TASK DIRECTIONS
The records that follow are to be repeated exactly, without any pictures.

SUPPLIED ENTRIES
════════════════════
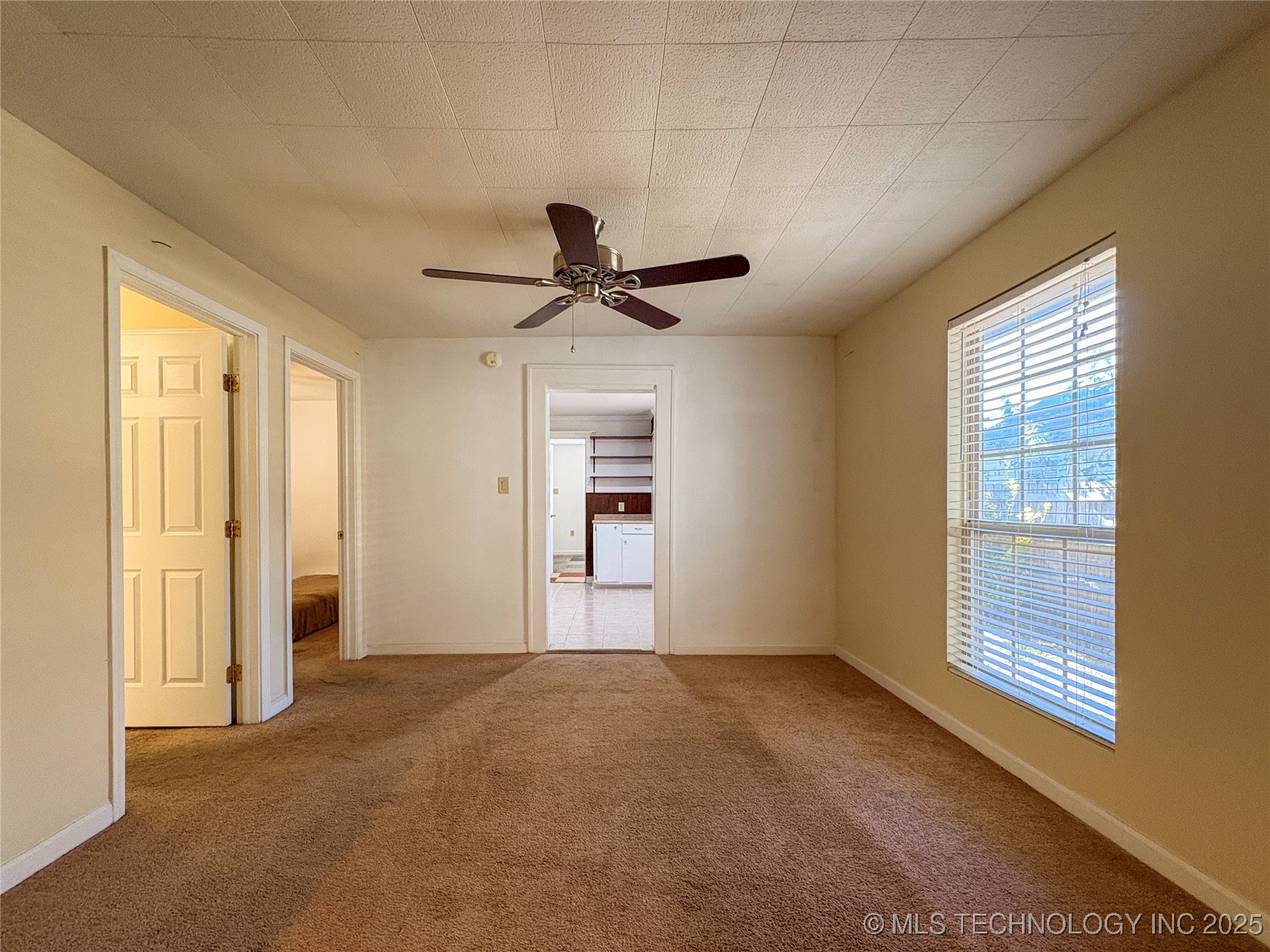 2220 W 40th Street Property Photo 10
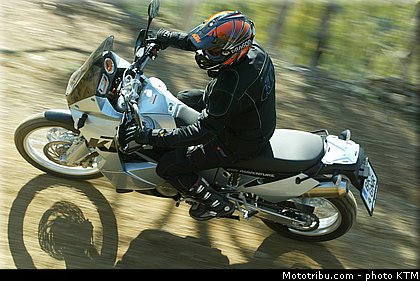 ktm_2003_950_adventure_024.jpg
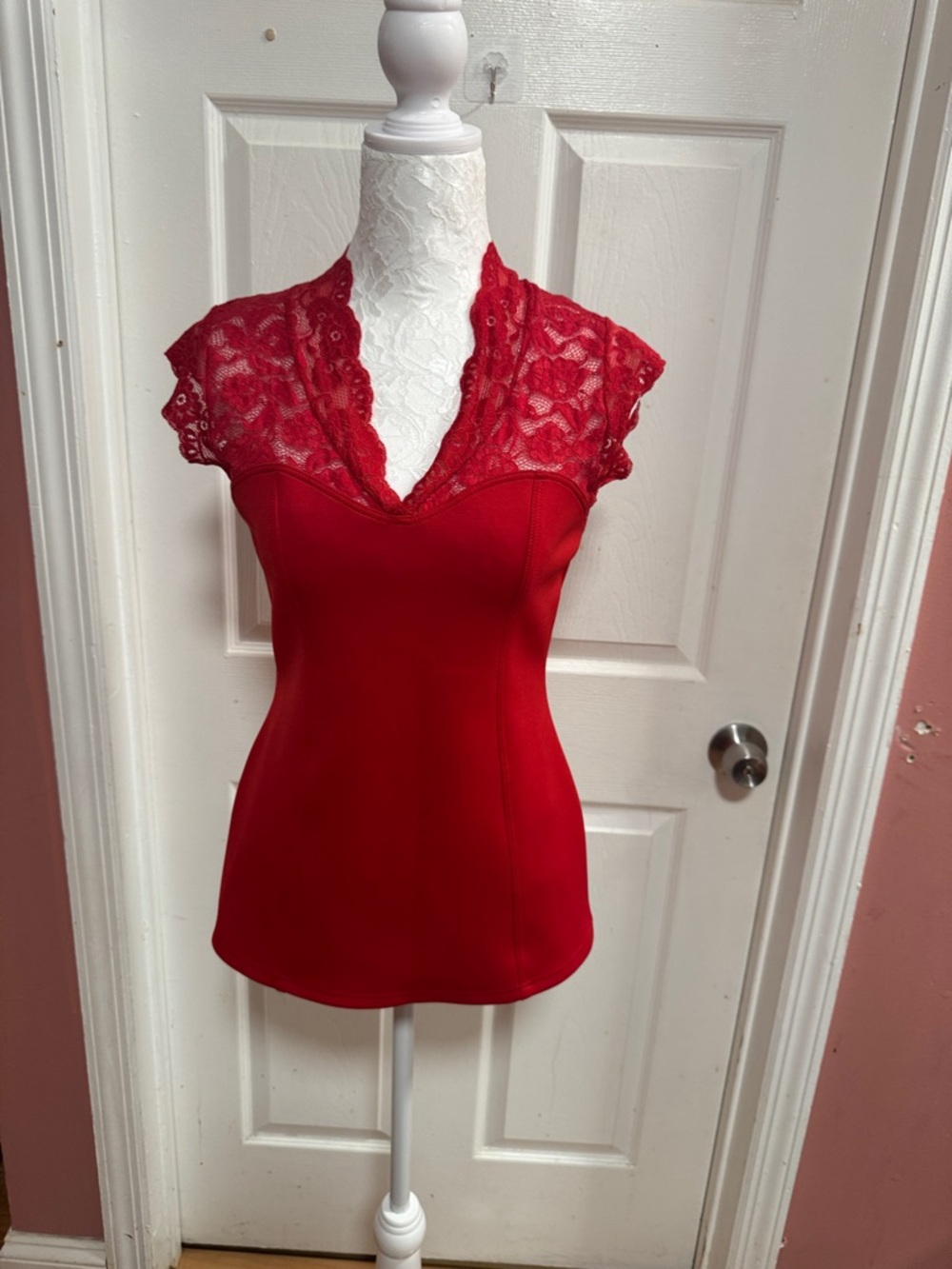Cache Red Lace Yoke Cap-Sleeve Camisole NWOT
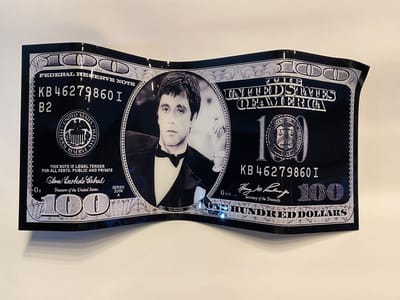 Tony Montana dollar sculpture op plexiglas 65x33cm
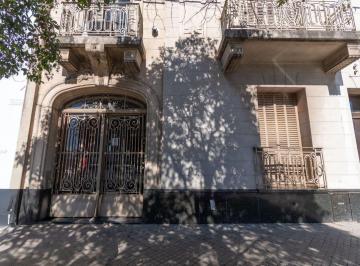 Casa · 129m² · 6 Ambientes · 2 Cocheras · Casa en Venta 2 Dorm. España y Hospitales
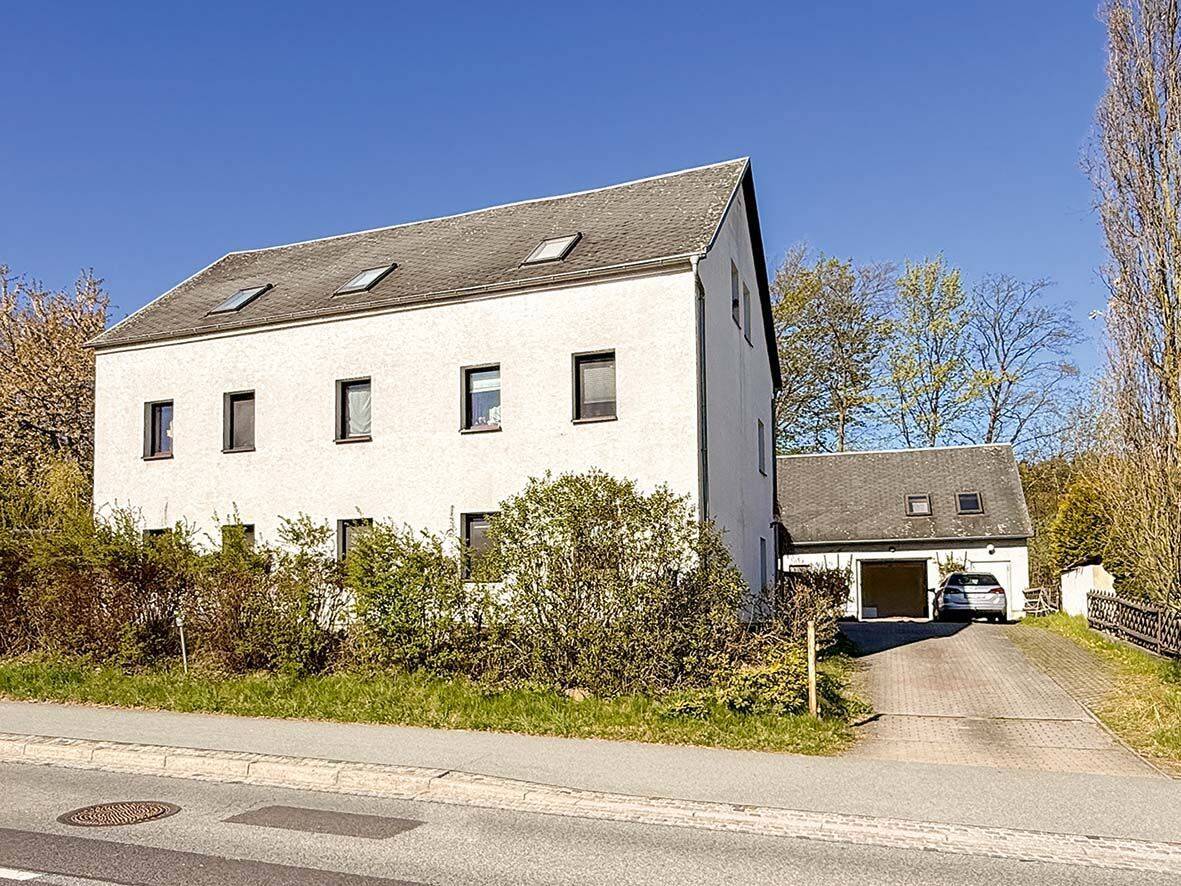 Gepflegtes Mehrfamilienhaus mit Garage, Stellplätzen und grünem Außenbereich, 2681 Schirgiswalde-Kirschau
════════════════════
RESULT FOR THIS EXERCISE
 2220 W 40th Street Property Photo 10
 ktm_2003_950_adventure_024.jpg
Cache Red Lace Yoke Cap-Sleeve Camisole NWOT
 Tony Montana dollar sculpture op plexiglas 65x33cm
 Casa · 129m² · 6 Ambientes · 2 Cocheras · Casa en Venta 2 Dorm. España y Hospitales
 Gepflegtes Mehrfamilienhaus mit Garage, Stellplätzen und grünem Außenbereich, 2681 Schirgiswalde-Kirschau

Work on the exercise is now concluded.